FAQ: How to do a minimal reproducible example ( reprex ) for beginners

es_dutch · April 30, 2020, 2:26pm

Is this okay?


example <- tibble::tribble(
     ~size,     ~budget, ~strictself,
   "Small", "11,718183",          1L,
  "Medium",  "5,264815",          2L,
   "Large",  "-0,43848",          NA,
   "Small",  "0,658158",          2L,
  "Medium",   "-1,2867",          3L,
   "Large",   "-0,8482",          2L,
   "Small",  "4,584138",          1L,
  "Medium",   "7,26868",          1L,
   "Large",   "-7,1868",          NA,
   "Small",  "8,186884",          1L,
  "Medium",   "16,1548",          NA,
   "Large",  "1,516844",          2L,
   "Small",   "-5,1687",          2L,
  "Medium",  "11,15687",          2L,
   "Large",   "-4,1867",          3L,
   "Small",   "7,25687",          3L,
  "Medium", "5,1682186",          1L,
   "Large", "-6,186515",          2L,
   "Small",    "7,2687",          3L
  )

head(example)
#> # A tibble: 6 x 3
#>   size   budget    strictself
#>   <chr>  <chr>          <int>
#> 1 Small  11,718183          1
#> 2 Medium 5,264815           2
#> 3 Large  -0,43848          NA
#> 4 Small  0,658158           2
#> 5 Medium -1,2867            3
#> 6 Large  -0,8482            2

^{Created on 2020-04-30 by the reprex package (v0.3.0)}

nirgrahamuk · April 30, 2020, 3:34pm

your budget wasnt numeric so i had to alter that. and strictness has become strictself.

library(tidyverse)
library(broom) # tidy models
library(purrr) # iteration
example <- tibble::tribble(
  ~size, ~budget, ~strictself,
  "Small", "11,718183", 1L,
  "Medium", "5,264815", 2L,
  "Large", "-0,43848", NA,
  "Small", "0,658158", 2L,
  "Medium", "-1,2867", 3L,
  "Large", "-0,8482", 2L,
  "Small", "4,584138", 1L,
  "Medium", "7,26868", 1L,
  "Large", "-7,1868", NA,
  "Small", "8,186884", 1L,
  "Medium", "16,1548", NA,
  "Large", "1,516844", 2L,
  "Small", "-5,1687", 2L,
  "Medium", "11,15687", 2L,
  "Large", "-4,1867", 3L,
  "Small", "7,25687", 3L,
  "Medium", "5,1682186", 1L,
  "Large", "-6,186515", 2L,
  "Small", "7,2687", 3L
) %>% mutate(budget = parse_number(budget))

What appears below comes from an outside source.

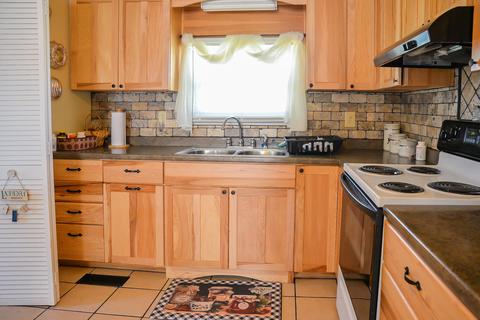 136 Cedar Road Bristol Tn 37620, Bristol, TN 37620 photo 24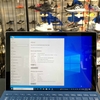 da-qua-su-dung-surface-pro-4-core-i5-4gb-128gb-wifi-bac-japansport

(size_strict_summary <- example %>% 
    group_by(size, strictself) %>%
  summarise(mean = mean(budget, na.rm = TRUE),
            sd = sd(budget, na.rm = TRUE),
            n = n()) %>%
  filter(!is.na(strictself)))

(krusjal_tests <- map_dfr(
  unique(size_strict_summary$size),
  ~ mutate(kruskal.test(budget ~ strictself,
                        data = filter(example, size == .)) %>% tidy(),
    esub = .
  ) %>% select(esub, everything())
))

(pairwilcox_tests <- map_dfr(
  unique(size_strict_summary$size),
  ~ mutate(pairwise.wilcox.test(filter(example, size == .)[["budget"]],
                                filter(example, size == .)[["strictself"]],
    p.adjust.method = "BH"
  ) %>% tidy(),
  esub = .
  ) %>% select(esub, everything())
))

system · May 21, 2020, 3:43pm

This topic was automatically closed 21 days after the last reply. New replies are no longer allowed.